Clarim, música, poema, vida...

são relíquias perdidas

para todos os arrependidos

dos crimes instigados,

conduzidos, desnorteados,

agora estou,

julgado e condenado

em cadeia perpétua

lançado na infindável

catarata de uma prisão,

cela rança da condenação.

Postura e porte parecem estranhos

atos bizarros e anti-sociais.

Hoje! É um dia diferente...

Falta muito para o dia terminar

Pergunto aflito... à sentinela

Como um último pedido...

A morte me espera em aflição

Apresenta...Mostra-me

Deixa-me conhecer

Como último desejo desta vida

Miserável que deixarei neste dia

O flautista que me acompanha...

Onde se caça borboletas e andorinhas...

“Jura-me... diga-me...

Quem toca tão célere música?

Quem toca tão doce clarim?

Quem toca tão linda corneta?

É tão clara a mensagem desta

Na derradeira manhã de minha vida

vai chegar além de onde canta passarinhos

e me redimir deste chão?”

“Prisioneiro...pobre coitado

Disse-me sentinela da força da lei

Aguarda-me...

Que como pedido seu

Alguém lhe apresentarei...”

E o pobre homem

Que me atende o serviço

Que se veste de oliva por força da lei

Traz flautista para eu conhecer

E olho estranhamente ser frágil e pequeno

Criança a balançar constante a flauta

Pequena, dourada

A postura e o porte parecem estranhos

atos bizarros, mas angelicais

Pergunto-lhe o nome e não me responde...

O nome outra vez, e o nome outra vez,.

Fica espantada e me rejeita

Nada...Menina não fala

Apenas toca a flauta clarim

Pergunto-me, nas últimas horas de vida.

Que esta história se pode ouvir...

se se acostuma a não ouvir passarinhos,

Menina ou eu.? ela é livre e eu prisioneiro????

A gente se acostuma

a não colher frutas do pé,

a não ter sequer uma planta.

Ter a sensação e ilusão

do que a música me diz

Transforma-me em poemas

Que vão se transformar

na flor branca macia...

em meio aos meus milhos graúdos...

“Mas menina,

desabafo, imploro

toca novamente o clarim,

toca mais uma vez sua flauta melodia,

Para que o meu cavalo branco volte,

pois fugiu sem deixar rastro nenhum,

Ainda nestas últimas horas

é permitido sonhar...

E ela toca, música leve e ritmada

As notas em claves do sol

Que me neguei na vida ver

Será que os absurdos

são as maiores virtudes da poesia?

Será que os despropósitos

são mais

carregados de poemas

do que o bom senso?

Que incomodam a ciência

E imolam o senso científico...

O essencial é aquilo que,

se nos fosse roubado, morreríamos?

São tantas as indagações para tão gente detenta...

Menina...

Vejo em seu rosto o sinal

que se repete e repete,

no meu bouquet fantasia...

as suas mãos que balançam

a buscar o infinito...

Adorada criança

Que foi minha maestra

durante estes anos de solidão,

de abrigada reclusão...

obrigado por seu silêncio e por se olvidar...

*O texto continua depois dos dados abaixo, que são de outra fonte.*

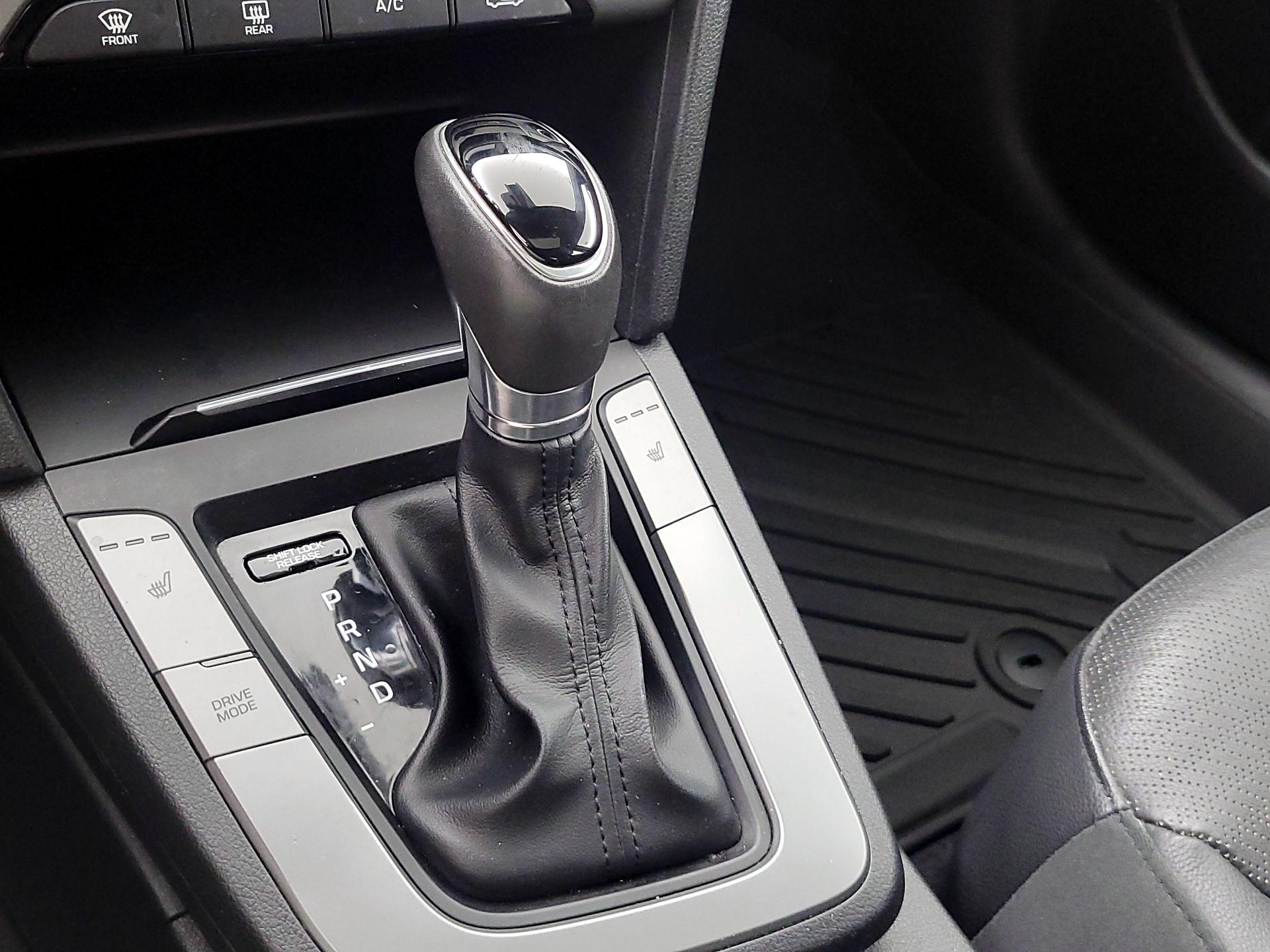 Thumbnail: 2017 Hyundai Elantra - 18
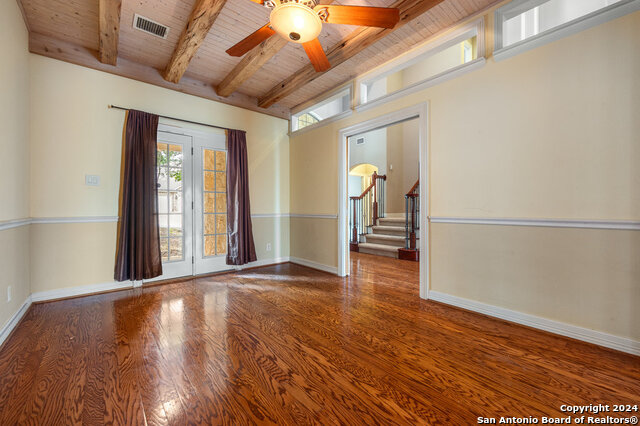410 Cadence Hl Property Photo 5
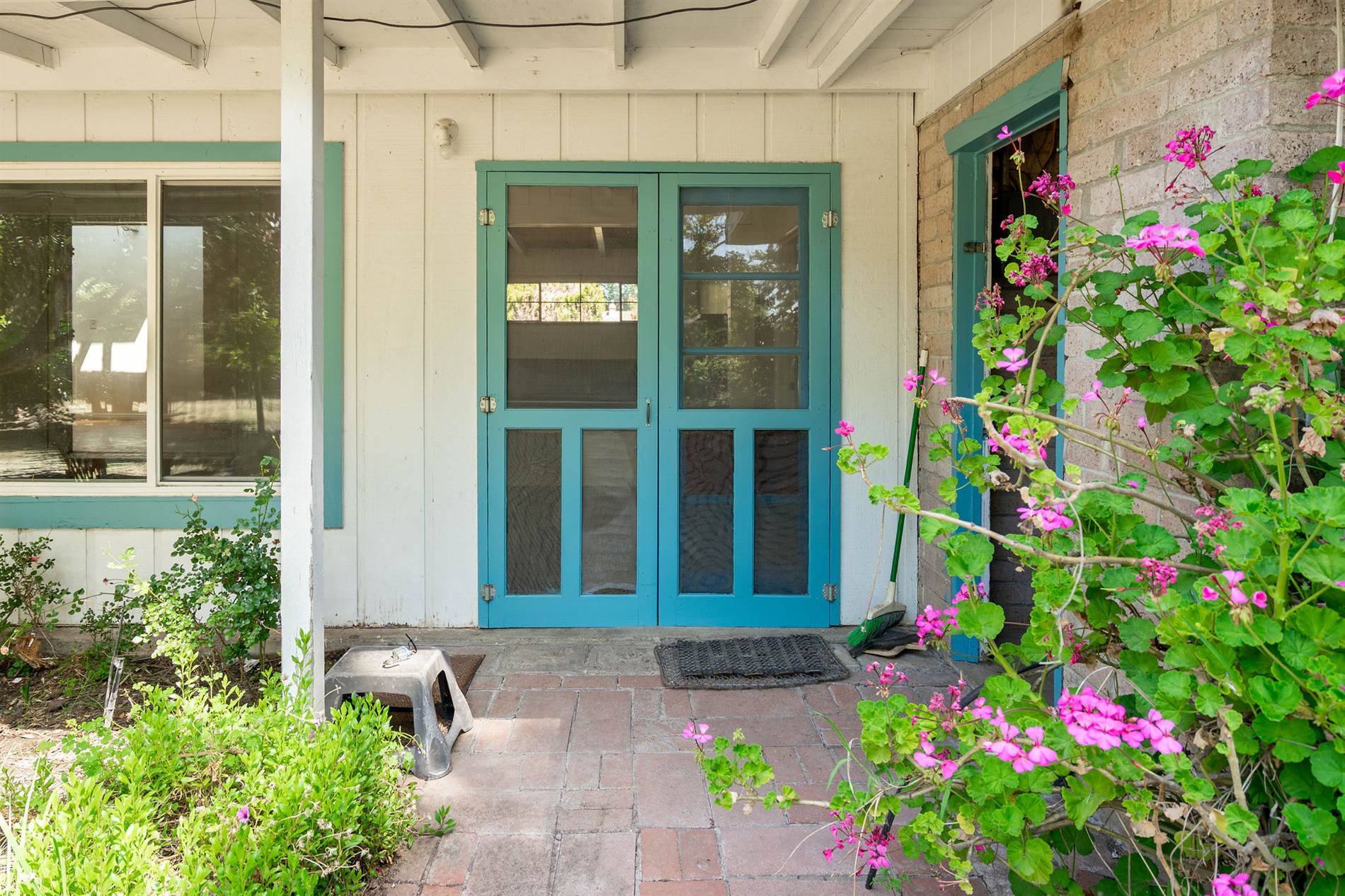 4722 Sunshine Avenue, Santa Rosa, CA 95409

Vou-me, não precisa me dar a mão...

Agradeço a Deus

Por conhecer o lugar que está e

Para onde vou...

Já amanheci quinze vezes

dentro da noite crescendo

Da qual, por sorte, me salvo;

Não peço o orvalho do vento,

Nem o cheiro de açucena que amanhece,

Mas no seu reino, alvorada tem hora certa

Com o toque da sua flauta e do seu clarim....

Ainda é longe a claridão onde

a aurora inteira se enquadra,

no mundo encantado...

Adeus! Vá cantando e não se perturbe

Pelas emoções que estão por vir...

A sentinela é móvel, vai e vem,

Já veio me buscar....

Adeus! Vá cantando flautista

que é amor, é brasa, e, de repente, é rosa.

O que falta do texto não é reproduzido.